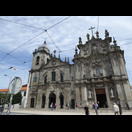 Links die Igreja dos Camelitas, rechts die Igreja do Carmo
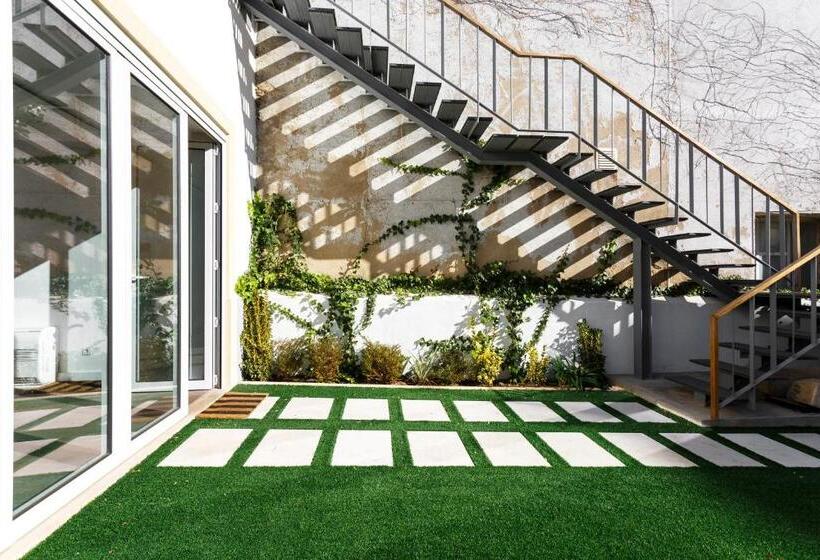 Chalet Estoril Luxury Apartments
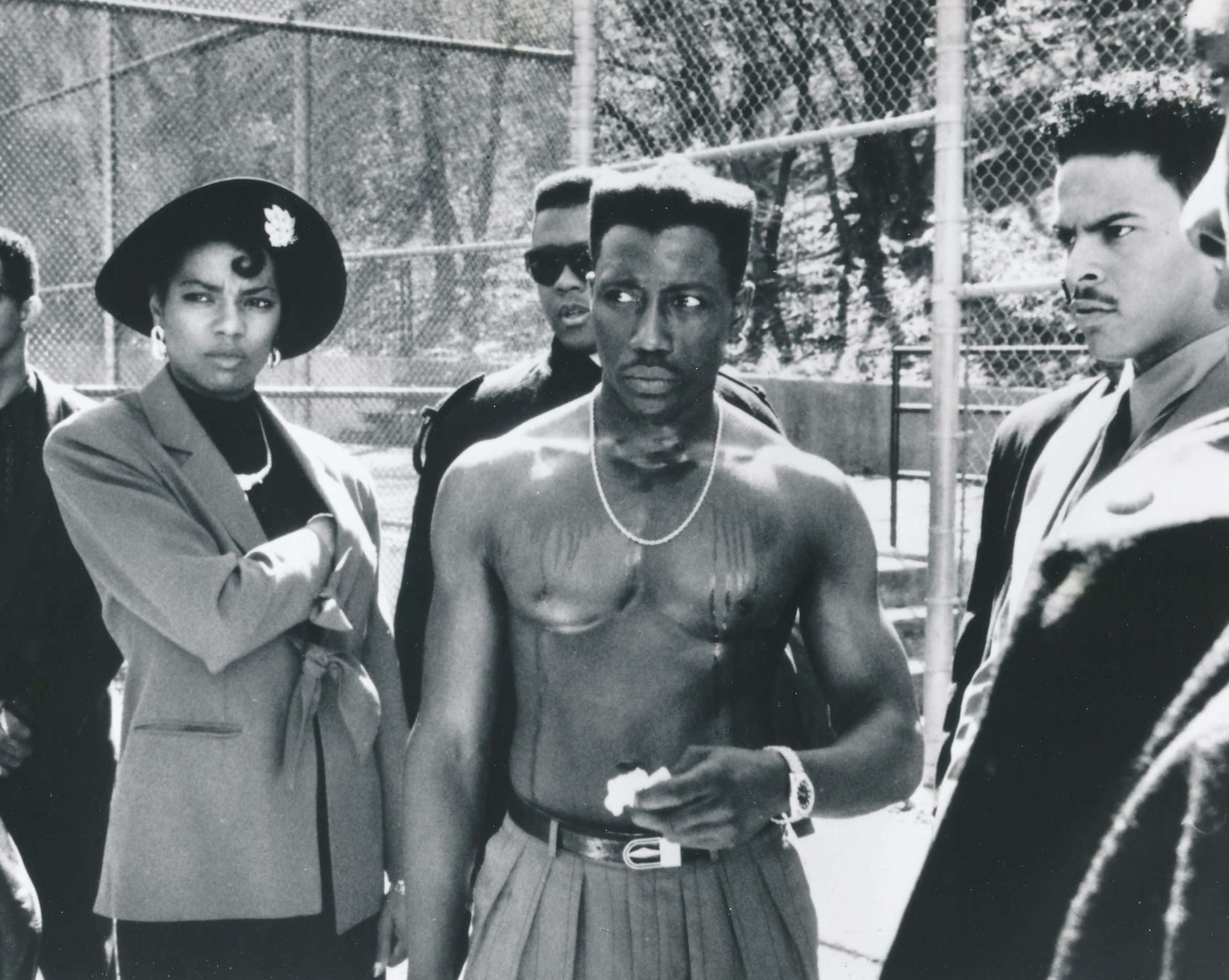 Boyz N The Hood 桌布 壁紙 — Prince 與他的樂隊在圍欄戶外區域中表情嚴肅的黑白照片。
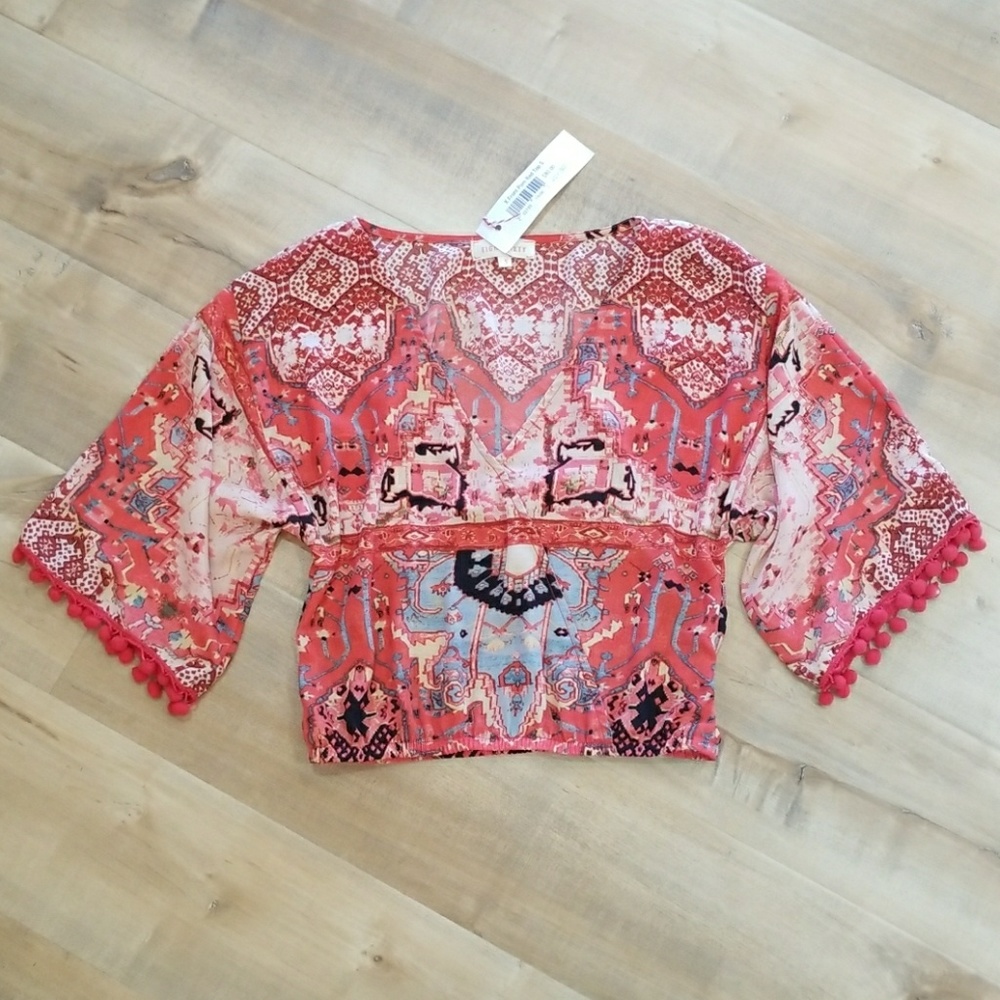 Pom crop top
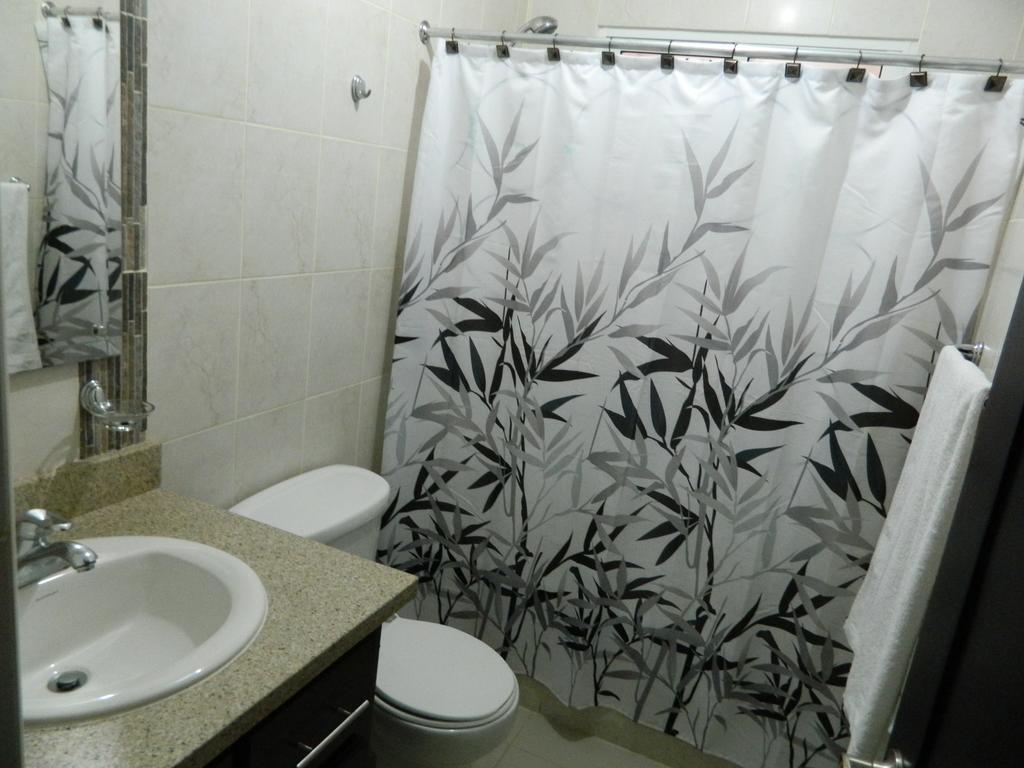 Ferienwohnung Residencial Vista Del Bosque Santiago De Los Caballeros Exterior foto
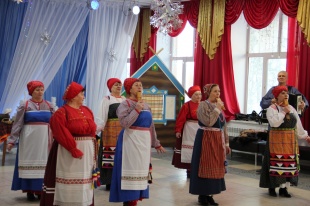В Культурно-Деловом Центре города Кудымкара прошла музыкально-обрядовая программа  «Василей рыт» 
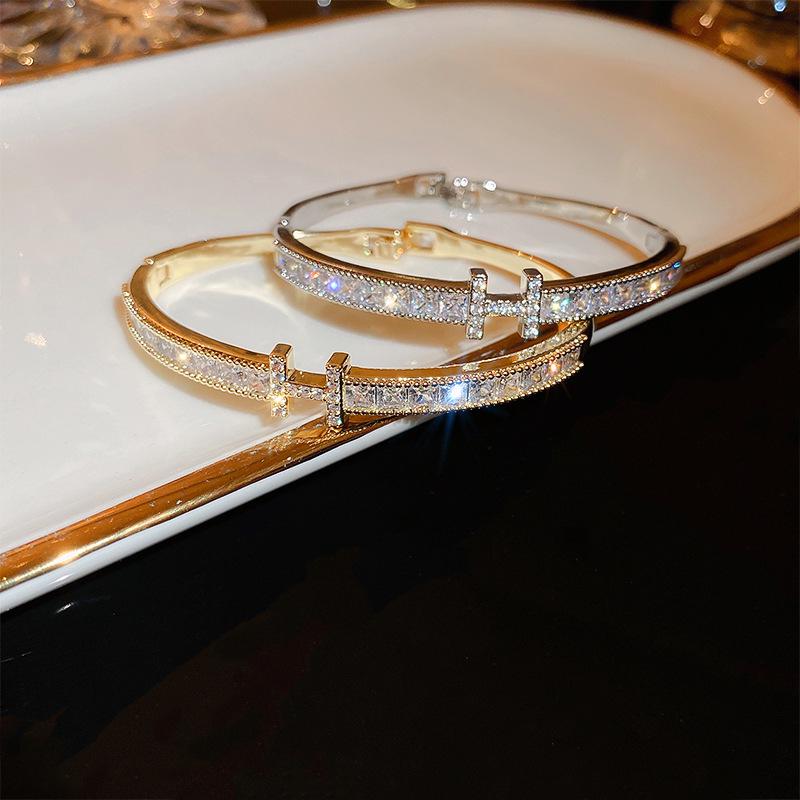 Elegant Zircon Letter Buckle Bracelet: Shiny, Minimalist, Luxury Bangle for a Versatile and Sophisticated Style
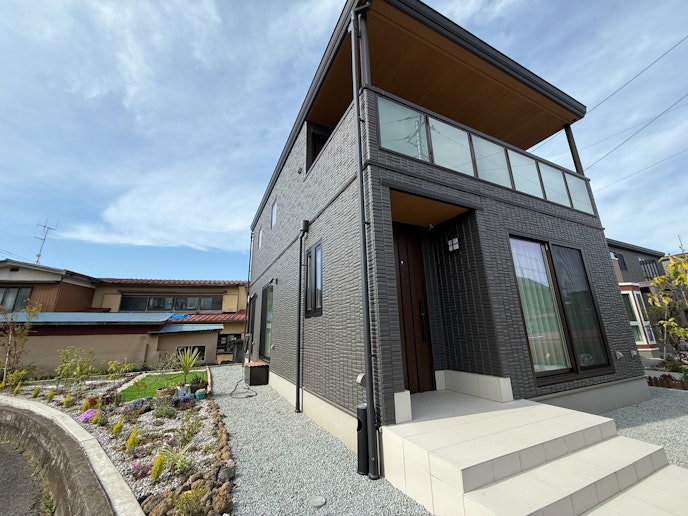 黒を基本にしたデザイン！メタルカラーと合わさることで、スタイリッシュな外観デザインに仕上がって...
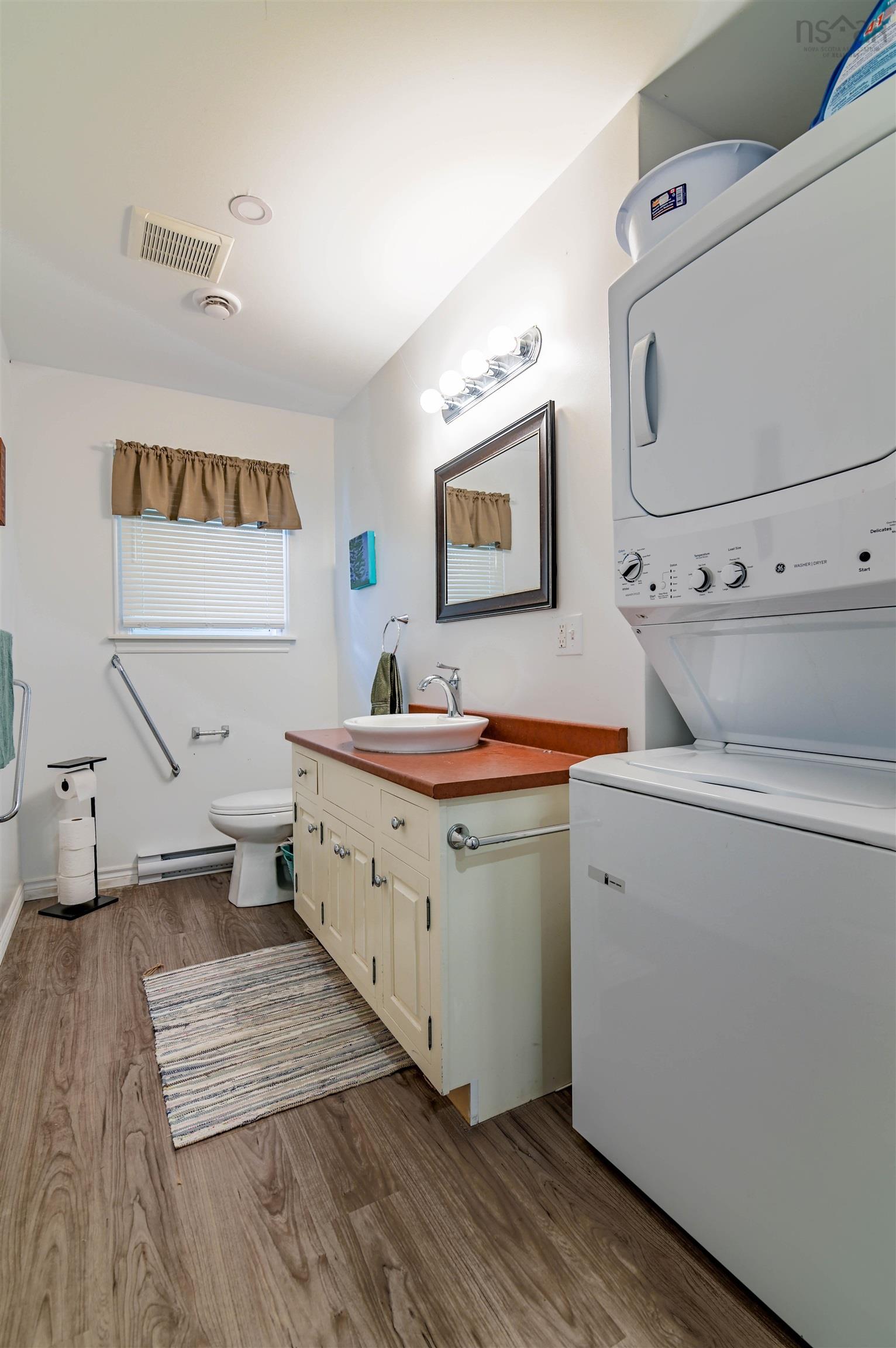 $650,000.00: 1353 Pinecrest Drive, Coldbrook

■ ■ ■ ■ ■ ■ ■

Write the listing out exactly, word for word, but omit the pictures.

**WRITTEN SOLUTION**:
 Links die Igreja dos Camelitas, rechts die Igreja do Carmo
 Chalet Estoril Luxury Apartments
 Boyz N The Hood 桌布 壁紙 — Prince 與他的樂隊在圍欄戶外區域中表情嚴肅的黑白照片。
 Pom crop top
 Ferienwohnung Residencial Vista Del Bosque Santiago De Los Caballeros Exterior foto
В Культурно-Деловом Центре города Кудымкара прошла музыкально-обрядовая программа  «Василей рыт» 
 Elegant Zircon Letter Buckle Bracelet: Shiny, Minimalist, Luxury Bangle for a Versatile and Sophisticated Style
 黒を基本にしたデザイン！メタルカラーと合わさることで、スタイリッシュな外観デザインに仕上がって...
 $650,000.00: 1353 Pinecrest Drive, Coldbrook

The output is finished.